In between, he spent years campaigning for just about every Republican who would consent to share a dais with him. He built up a huge account of contacts and people who owed him favors. And when the time came to run for president, he called in those favors, winning office on the back of a network of politicians who owed him one.

All of which is to say: History is smiling brightly on Chris Christie’s nascent 2016 presidential campaign this morning.

Christie, who is chair of the Republican Governors Association, leveraged that position this campaign season to do two things:

• Steer a ton of money to Republican candidates for governor around the the country. According to the Wall Street Journal, he raised $102 million to defend 22 GOP-held governorships. (And, oh yeah, this let him spend a lot of time with national GOP donors.)

• He personally campaigned — relentlessly — for Republican gubernatorial candidates across the nation. At times this fall it seemed like he was barely spending any time in New  jersey, and though he came in for some criticism for that, this accomplished two things: A) It built chits with those candidates, which should come in helpful in 2016, and B) it allowed Christie to be personally present in a number of states — he visited 37! — that will matter in the presidential election: A pre-campaign campaign, if you will.

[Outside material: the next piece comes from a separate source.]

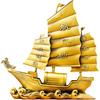 Brass Dragon Head Sailboat Feng Shui Statue – Chinese Smooth Sailing & Prosperity Figurine for Entryway, Home Office Desk or Shelf Decor, Gift for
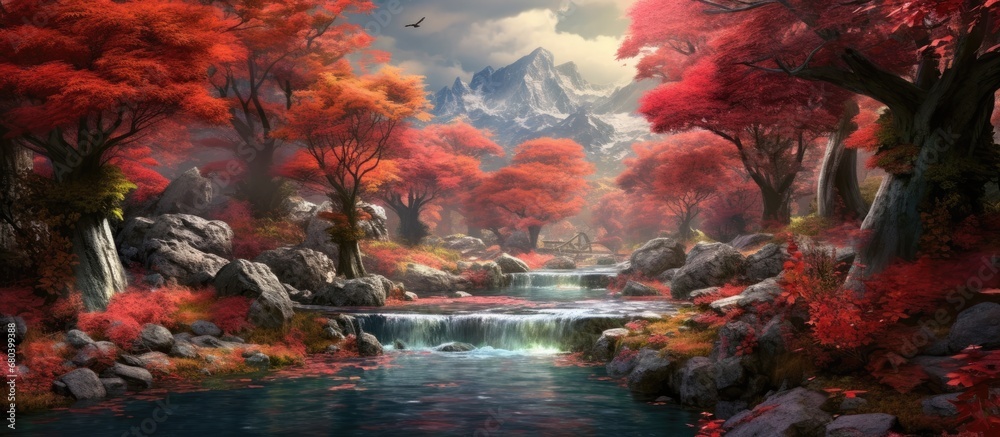 In the enchanting landscape of Japan, amidst the breathtaking beauty of autumn, the sky and mountains painted a vivid blue, while the forest adorned with fiery red leaves created a captivating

And you may have noticed: Republicans won a lot of governorships last night.

Christie being Christie, he’s not exactly shy about his intentions in all this. Per the Wall Street Journal:

In an interview, Mr. Christie, who hasn’t announced whether he will run in 2016, said he was more concerned about helping other candidates with his RGA work. But, he added, “It’s a political venture, so I’m hoping it helps me politically.”

The governor also said the frenzied pace of his RGA work has provided an important test for his presidential ambitions: how a campaign would affect his family. The 52-year-old has four children, two of them school-age, and his wife works full time in the financial sector.

“Everything that I’m doing helps to give me more information for when I ultimately decide,” Mr. Christie said.

He was a bit more coy this morning in making the rounds of talk shows:

“It’s way off,” he told CBS. “My view on all of this is that my job this year was to elect Republican governors and re-elect Republican governors, and I didn’t spend any time on anything else – no other fundraising, no other activities. All my political activity was on this, and I think this morning we feel really good that we all stayed united together and we got the job done.”

Christie still has the same drawbacks as a potential candidate as he always has: His personality may not wear well outside the northeast. Conservatives are still leery of him. But conservatives were leery of Mitt Romney, too, once upon a time: It’s amazing how much a lot of money and the power of organization can do for you. After Tuesday’s Republican wave, Christie might be best poised to build both.